From the sddt.com:

The June Chapter 7 liquidation of what had been a billion-dollar Southern California homebuilder has reached into San Diego County and hundreds of residential parcels from Black Mountain Ranch to Oceanside have been affected.

In its Chapter 11 reorganization bankruptcy filing in February, WL Homes LLC of Newport Beach said its sales volume in 2008 was cut by more than half from 2007’s $948 million.

The company listed $1.3 billion in assets and $977 million in debt as of Nov. 30, 2008.

WL Homes, with roots dating back 161 years, was formed in April 1998 when John Laing Homes, a British homebuilder, merged with Watt Homes — an entity founded by Los Angeles developer Ray Watt.

Watt was instrumental in building much of the housing in Fairbanks Ranch, and constructed such projects as San Diego Country Estates in Ramona and The Landing condominium complex in Coronado. Laing entered San Diego County in 2002, with projects such as the 219-home Tides at Water’s End in Carlsbad and the 86-home Woodley Hills in the San Elijo Hills master plan in San Marcos.

WL, which continued to market homes under the Laing banner after the merger, had explored the possibility of going public, but opted instead to remain private. It was then acquired in 2006 by Dubai-based Emaar Properties, one of the world’s largest global real estate development companies, for a reported $1.05 billion in cash.  While Emaar has reportedly invested more than $600 million in the U.S. builder since the acquisition, it informed WL at the end of last year that unsecured financing Laing would no longer continue.

At the time of the February Chapter 11 filing, the homebuilder still held out hope the company might be saved, but defaults mounted and by early June the homebuilder filed a Chapter 7 liquidation request earlier this month. 

While WL prepared itself for liquidation, Bank of America (NYSE: BAC) filed motions in Superior Court to foreclose on the planned 76-home Sentinels @ Del Sur development within the Black Mountain Ranch master plan.  Black Mountain Ranch LLC, the master developer of Del Sur, was also named in the foreclosure.   BofA is being represented by the Costa Mesa law firm of Snell and Wilmer LLP of Costa Mesa, which referred calls to BofA.

Fred Maas, Black Mountain Ranch president, said he believe his firm was named because BofA wants to be able to sell the remaining lots without the covenants, conditions and restrictions (CC&Rs) that run with the Sentinels property. He plans to fight the lender’s move.

“The CC&Rs are there for a reason. We want to keep a tight reign on Black Mountain,” Maas said, adding that Bof A has kept him in the dark as to what is happening with the property.

What hasn’t happened with the Sentinels are sales. Opened in August 2007, WL was only able to sell four homes through the first quarter of this year and, according to MarketPointe Realty Advisors, none of those sales came in 2009. The two- and three-bedroom homes were priced from $875,000 to $921,000.

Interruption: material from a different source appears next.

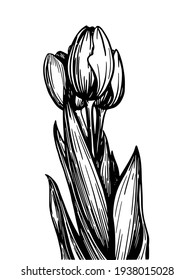 Vector black and white illustration of a large bouquet of tulips in a graphic style on a transparent background. For festive decor.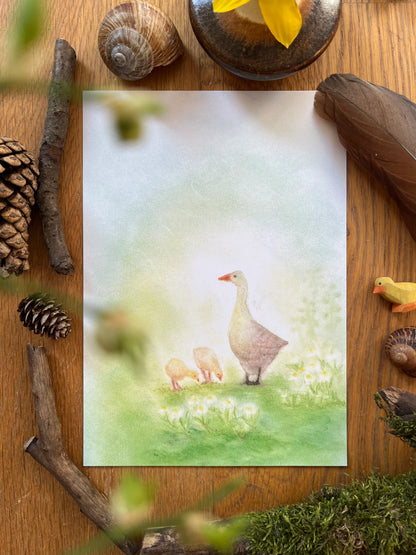 Kunstdruck Gänse A5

According to Superior Court documents, WL, as of about three weeks ago, owed $9.33 million on what had been a $23.39 million construction loan from BofA that was secured by the Sentinels property.  BofA officials would only say the Sentinels was working its way through the court process, but that the court had yet to appoint receiver.

The Sentinels was not the only project where WL was having trouble.

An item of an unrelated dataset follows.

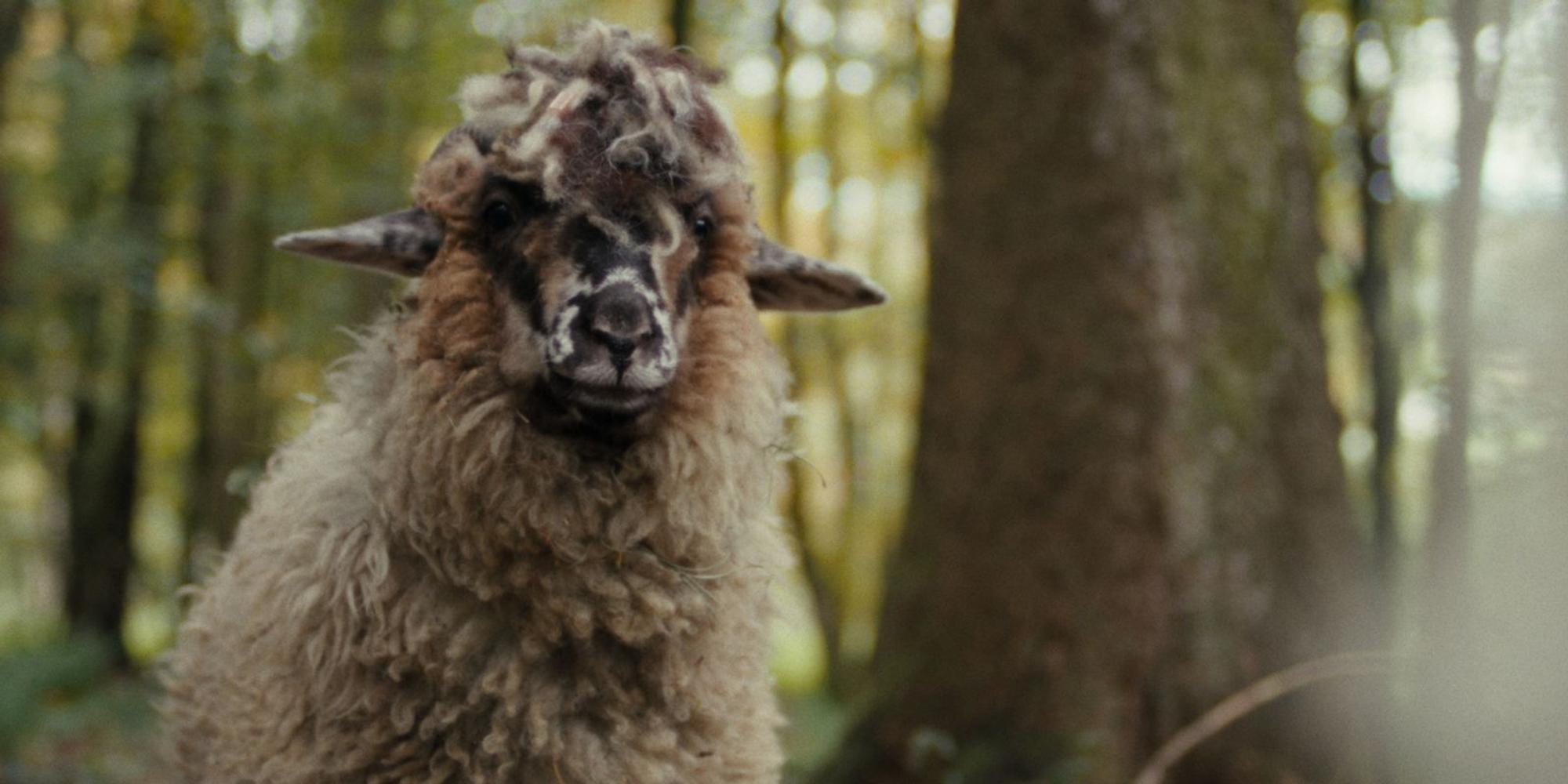 Auf Schaf Joleen (Jella Haase) trifft Schaf Oliver im Wald. Die fremde Schafsdame verhält sich durchaus anders als die von Oliver gewohnten Herdentiere. (Bild: ZDF und Patrick Wally)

BofA revealed that a court appointed receiver is already in place for the Breakaway at Arrowood development, which had 130 homes planned in Oceanside. In that case, only 34 closings were recorded from September 2006 through the first quarter of this year, according to MarketPointe. Those four-bedroom homes were priced from $454,990 to $489,900.

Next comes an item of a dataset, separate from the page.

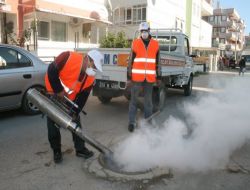 Sineksiz Bir Yaz İçin Akçay’da İlaçlama Başladı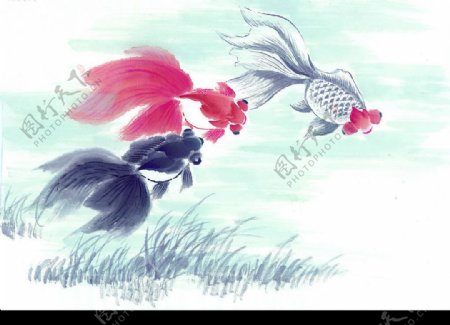 中国画鱼3图片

Sometimes, as in the case of Silhouette, a 96-home development in 4S Ranch that got underway in March 2006, the sales got off to a strong start, only to fizzle later.   While Silhouette managed to close 65, it still had the remainder to sell when WL filed Chapter 11.

Three other WL projects under the John Laing banner in San Diego County also had similar problems.

These include a planned 100-unit townhome property known as Palomar at St. Cloud that posted just 10 closed escrows since it started in September 2007.  Two other projects were substantially reduced from their original sizes.  The San Luis at St. Cloud development in Oceanside had 14 of 16 units sold through the first quarter of this year.   The problem, according to MarketPointe, was the developer originally planned a 138-unit project.

The case was a similar one at Laing Luxury Village in the Crosby Estates master plan above Rancho Santa Fe that posted 32 closings out of 35 offered through the first quarter of the year. MarketPointe said that project at some point was cut in half from its original 70 units.  WL’s developments also include two major projects in Orange County.  One is a 575-home project built on the former Marine Corps Air Station in Tustin and the other is a 1,000-lot development in San Clemente.